Sí. Así es. Las cosas son más sencillas. Pensemos en una institución a la que no puede tildársela en modo alguno de siniestra ni secreta: la Eisenhower Fellowships (Becas Eisenhower) que, fundada en 1953, en los Estados Unidos de Norteamérica se dedica a la identificación de líderes de opinión en los países atlantistas: una vez detectados, los capta y les ofrece la difícilmente rechazable oferta de financiarles programas de “formación” que optimiza sus títulos profesionales, los prestigia, amplía sus contactos y los pone al servicio de la hoja de ruta que marca el Nuevo Orden Mundial.

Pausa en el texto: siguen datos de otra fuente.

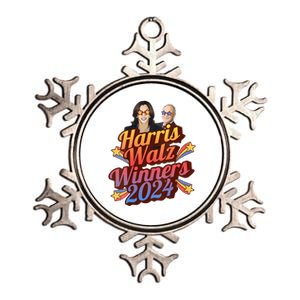 Harris Walz Winners 2024 Retro Metallic Star Ornament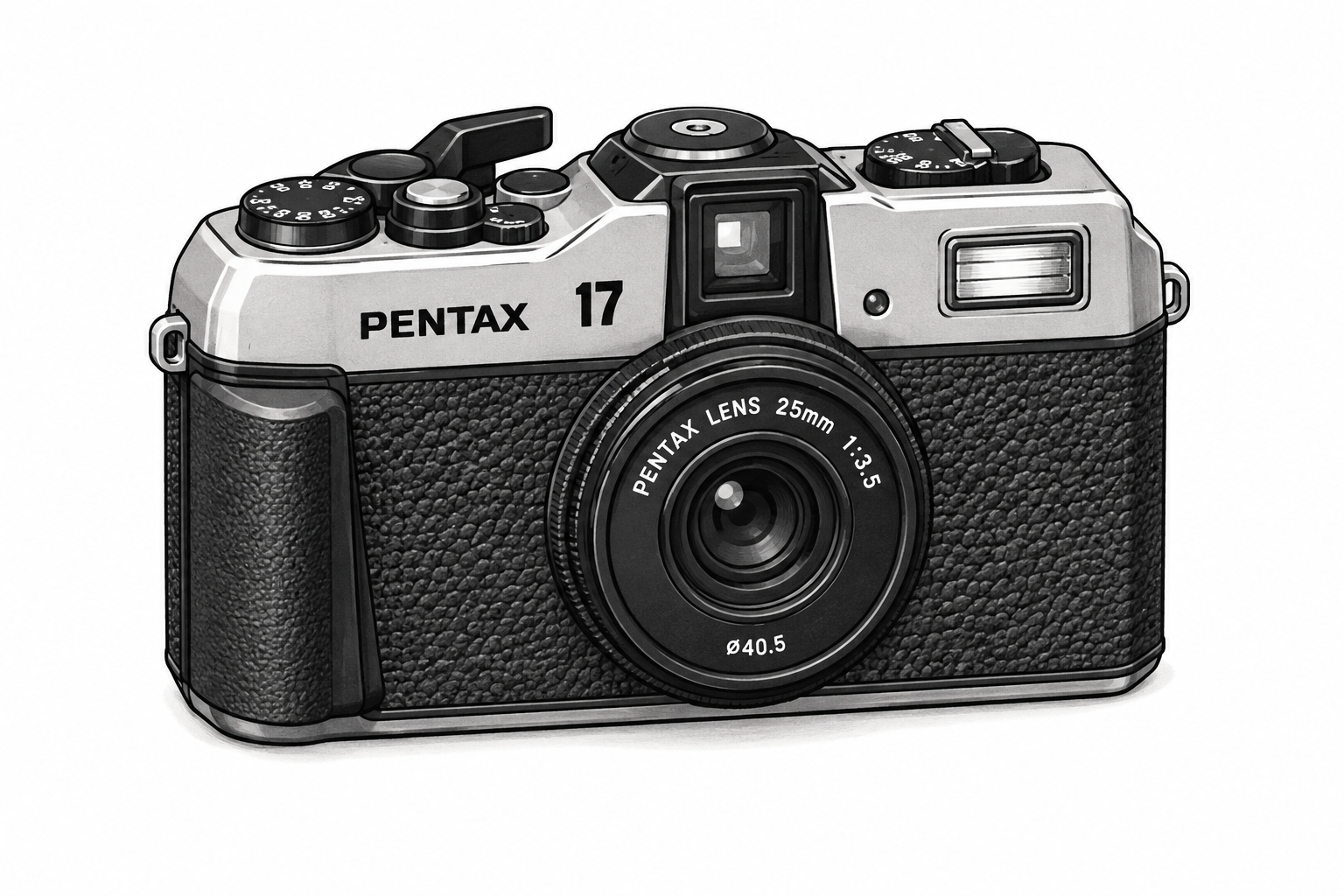 Black-and-white cartoon of a Pentax 17 film camera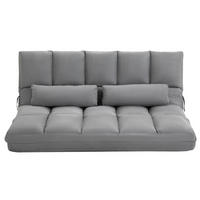 BODENSOFA klappbar Schlafsofa mit 3-stuhfig verstellbar Rückenlehne Hellgrau - Hellgrau, Textil/Metall (73/60/130cm) - HOMCOM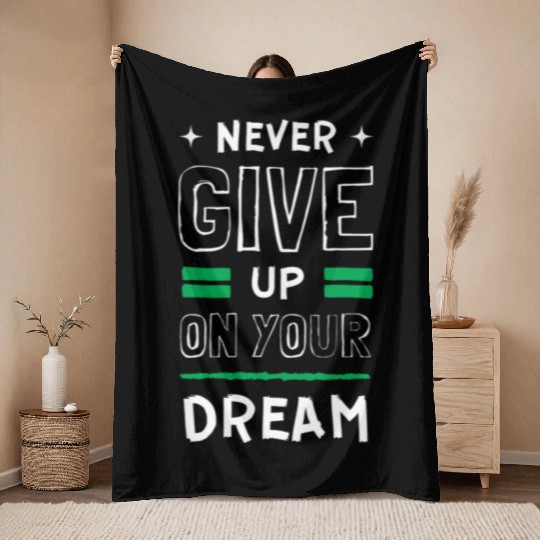 never give up Throw Blankets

Se trata de una elite internacional que no se conforma con captar políticos: presidentes, ministros, secretarios de estado… También llama a sus filas a líderes universitarios, empresariales, periodísticos. ¿Quién va a negarse a un prometedor horizonte profesional que te aseguran tus patronos si eres dócil? Y este tipo de instituciones hacen todo eso con el marchamo de construir un “mundo mejor”, “próspero”, “libre” y “en paz”. ¿Quién puede oponerse a esas metas tan desiderables? Sólo una mala bestia reaccionaria o un perroflauta que no tiene donde caerse muerto podrían estar en contra de una institución que inspira una actividad coordinada hacia semejantes propósitos de bien universal, válganos Dios.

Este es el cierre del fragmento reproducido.